State immigration policies must be readdressed

As part of his promise to crack down on illegal immigration, President Donald Trump issued an executive and a directive memo that ends former President Barack Obama’s Priority Enforcement Program. This program delineated the Department of Homeland Security’s priorities when enforcing immigration laws, specifying that convicted felons should be the focus of its efforts. The memo also promoted partnerships between local law enforcement and U.S. Immigration and Customs Enforcement to arrest and deport dangerous criminals. The Trump administration also reinstated former President George W. Bush’s immigration program, Secure Communities, which focuses less on felons and instead instructs the DHS to execute “the immigration laws of the United States against all removable aliens.” These actions reflect the administration’s tough stance on immigration but overlooks the complexity of the current immigration situation, dividing communities and creating unnecessary fear.

The language of this program has provoked fears of deportation among undocumented immigrants, including families and nonviolent individuals. Concerns were heightened on March 27 when Attorney General Jeff Sessions threatened to enforce President Trump’s executive order, mandating the cutting of federal grant programs to sanctuary cities.

Sanctuary cities are cities in which local officials refuse to report undocumented immigrants to the federal government for deportation. There is skepticism surrounding the effectiveness of the Trump administration’s order, as the Supreme Court has ruled funding can only be withheld if it is relevant “to the federal interest in the project.” Local governments with sanctuary policies receive federal money from dozens of different departments, most of which do not relate to immigration. While it may be possible for these cities to avoid budget cuts, Trump’s immigration policies are still creating conflict between local governments and federal agencies.

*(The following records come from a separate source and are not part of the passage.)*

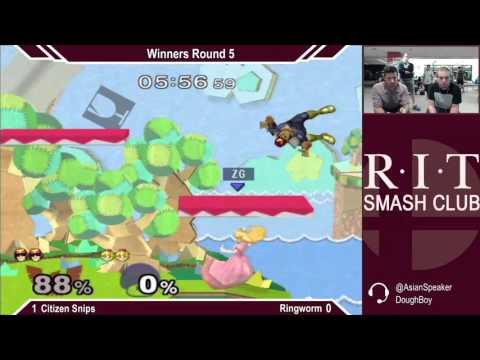 RIT Biweekly #2 - Winners - Citizen Snips vs Ringworm (Incomplete)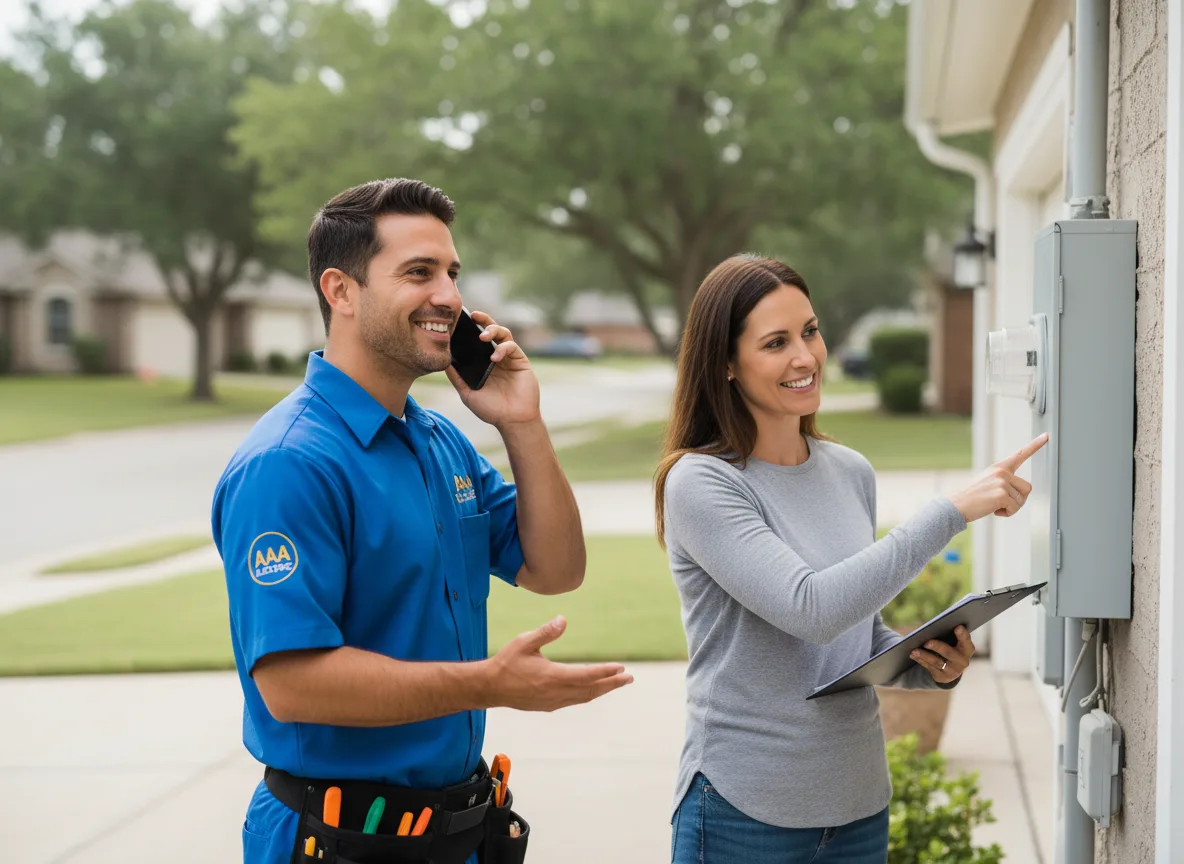 Electrical Repair Blockton, IA FAQs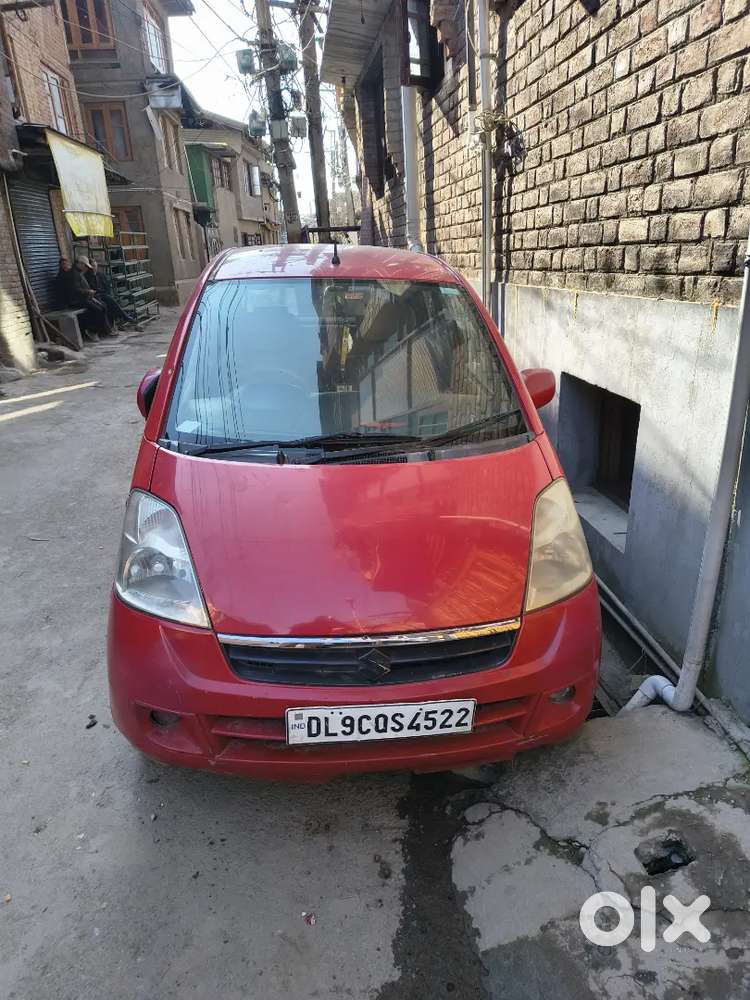 Maruti Suzuki Zen Estilo 2009 Petrol Good Condition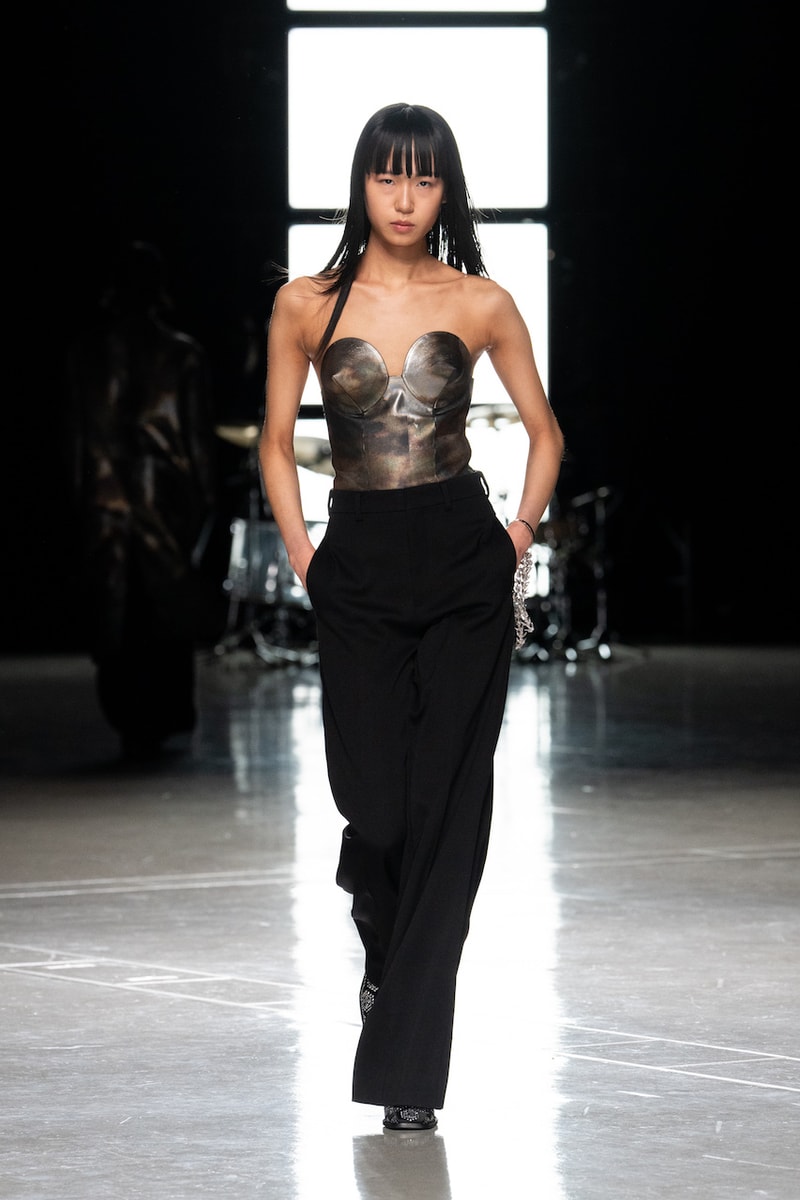 カナコ サカイ 2024年秋冬コレクション kanako sakai fall winter 2024 collection info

These policies have also created tension within the New Orleans community. Jefferson Parish has led Louisiana aiding deportations under Newell Normand, an open supporter of Trump. Between November 2009 and February 2015, the Jefferson Parish Sherriff’s Office sent the names of 6,960 undocumented immigrants to federal law enforcement, leading to 1,104 deportations. Meanwhile, New Orleans Mayor Mitch Landrieu has vocally opposed Trump’s immigration policies, stating that “the [New Orleans Police Department] will not be President Trump’s deportation force.” This comes after Republican leaders in the state, specifically Attorney General Jeff Landry, accused NOPD of not cooperating with federal immigration officers on raids. Republicans have also argued that New Orleans is a sanctuary city because Orleans Parish Sheriff Marlin Gusman has refused ICE officers’ requests to hold undocumented immigrants since 2009. Landrieu refutes this, claiming that though police officers are instructed not to ask suspects and witnesses about their immigration status, they still cooperate with the federal government on criminal warrants for undocumented immigrants.

Far from clarifying immigration policy, the Trump administration’s actions have made the issue more complex and contentious. Tensions between government officials and law enforcement have expanded within counties, cities, states and the nation as a whole.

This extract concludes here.